§ **Exercise requirements**
Repeat the data that follows verbatim. Images are not part of the copy.

§ **Source data**
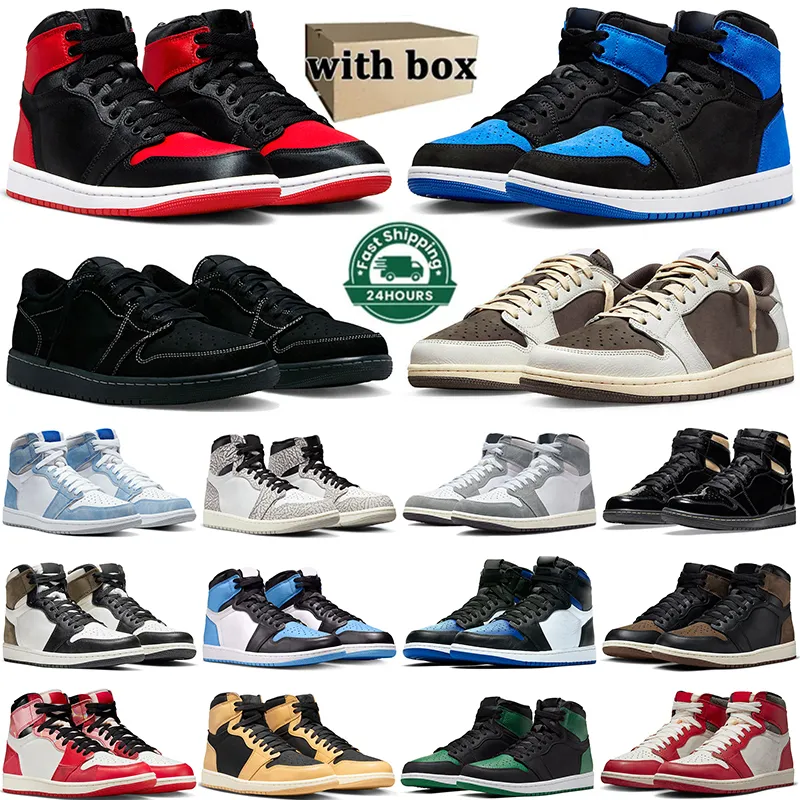 Satin Bred 1s men basketball shoes jumpman 1 Black Phantom Reverse Mocha Lost and Found Royal Reimagined Spider UNC Toe mens women trainers outdoor sports 36-47
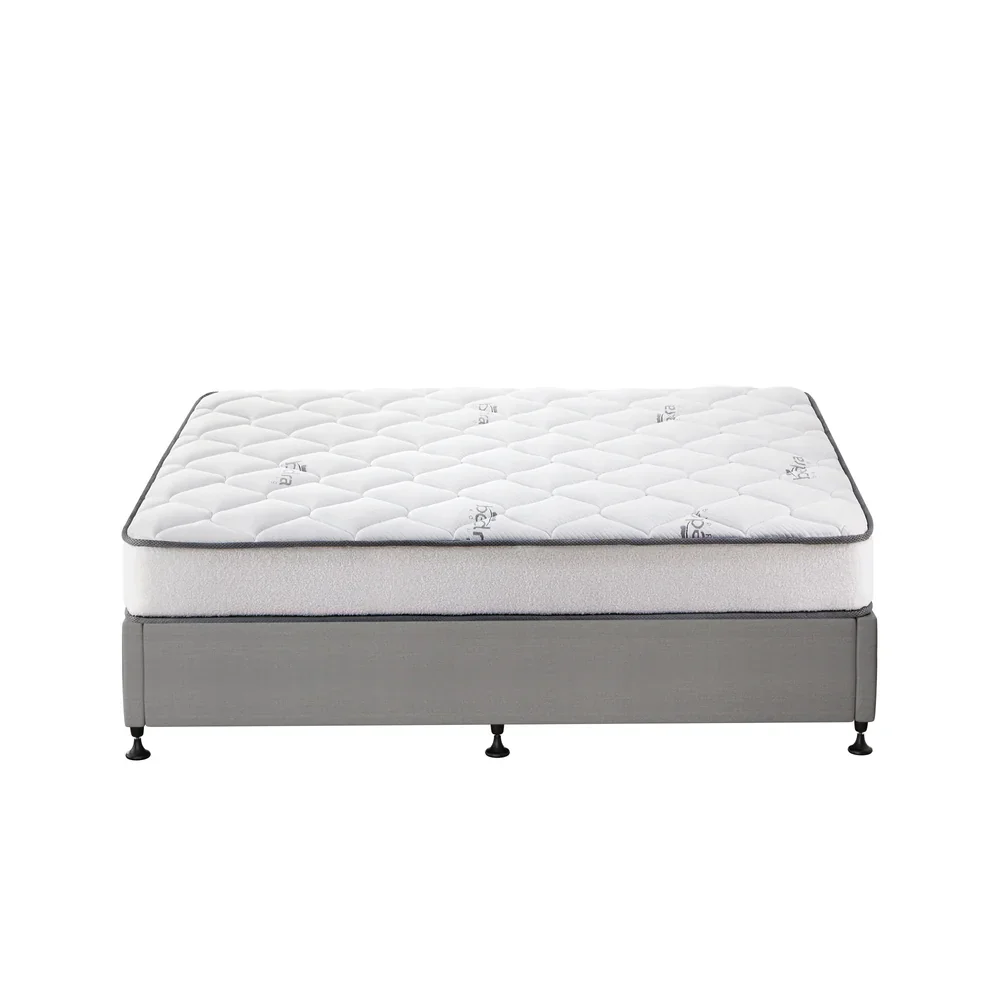 Bed Frame King Single Size Upholstered with Mattress Beige - Image 2
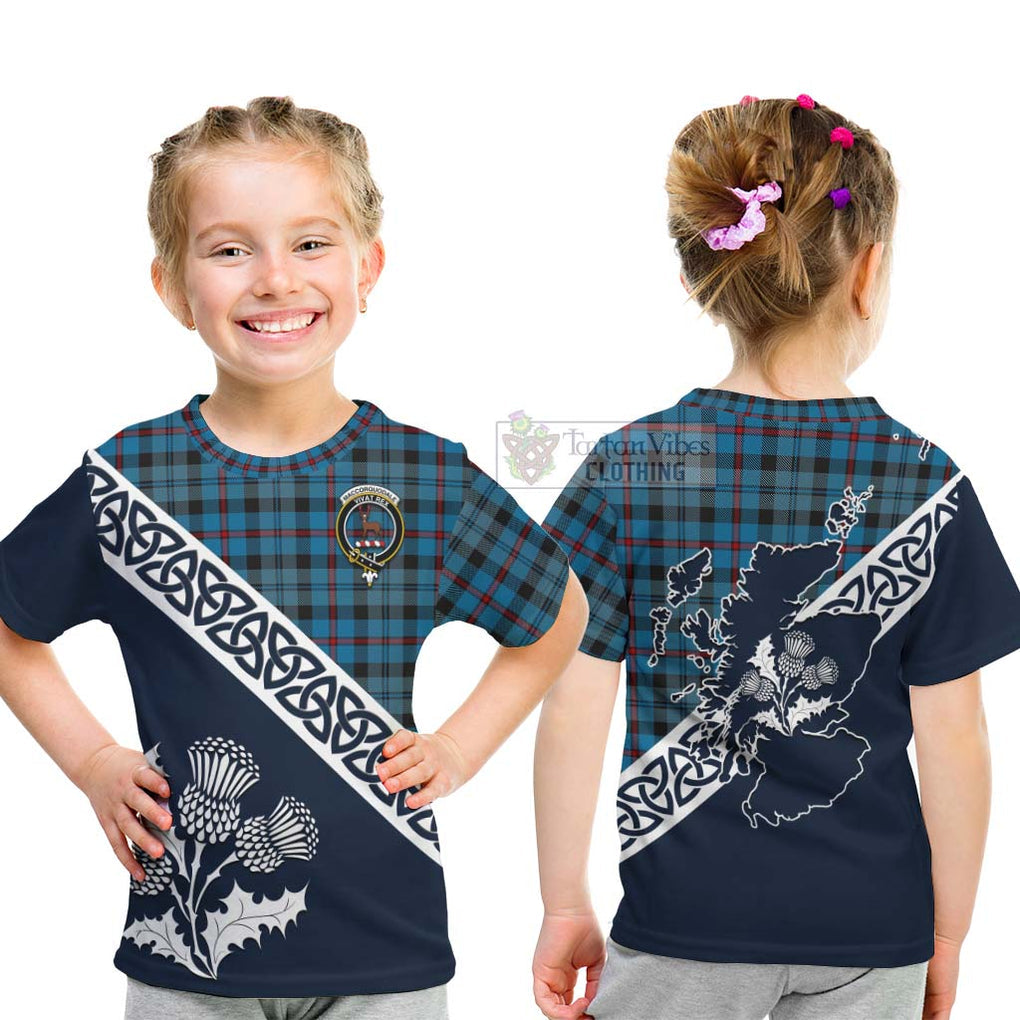MacCorquodale (McCorquodale) Tartan Kid T-Shirt Featuring Thistle and Scotland Map - Tartan Vibes Clothing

§ **Task response**
 Satin Bred 1s men basketball shoes jumpman 1 Black Phantom Reverse Mocha Lost and Found Royal Reimagined Spider UNC Toe mens women trainers outdoor sports 36-47
 Bed Frame King Single Size Upholstered with Mattress Beige - Image 2
MacCorquodale (McCorquodale) Tartan Kid T-Shirt Featuring Thistle and Scotland Map - Tartan Vibes Clothing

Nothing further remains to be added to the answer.